Developed ROGER, a robust, multi-modal model for AI-generated image detection that outperforms a state of the art model (SPAI) on augmented real-world images.
Python | PyTorch | Selenium | Deep Learning
Contributed to creating challenging datasets that simulate real-world image modifications to test model robustness.
Specifically implemented the social media screenshot simulation dataset, using Selenium to dynamically inject images into a custom HTML template.
Randomized numerous dynamic HTML elements (like/comment counts, usernames, captions) to ensure each generated screenshot was unique.

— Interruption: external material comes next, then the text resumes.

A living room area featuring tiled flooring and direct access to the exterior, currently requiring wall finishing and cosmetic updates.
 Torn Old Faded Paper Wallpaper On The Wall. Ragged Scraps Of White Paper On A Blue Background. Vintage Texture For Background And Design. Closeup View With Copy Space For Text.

Co-developed the ROGER (RObust AI-GEnerated image Recognizer) model to address the weaknesses of SPAI.
Designed and implemented the integrated model approach, a multi-modal architecture combining three complementary AID models.
Extracted and concatenated embeddings from SPAI (spectral), RINE (mid-level), and PatchCraft (texture) into a unified 768-dimensional feature vector.
Trained the final MLP classification head (2-layer, 1536-unit) on the combined embeddings to produce a single, robust prediction.
Successfully reproduced the original SPAI paper’s results, verifying its baseline performance and high reproducibility.
Demonstrated that the created ROGER model significantly outperforms the baseline SPAI on all four challenging real-world datasets.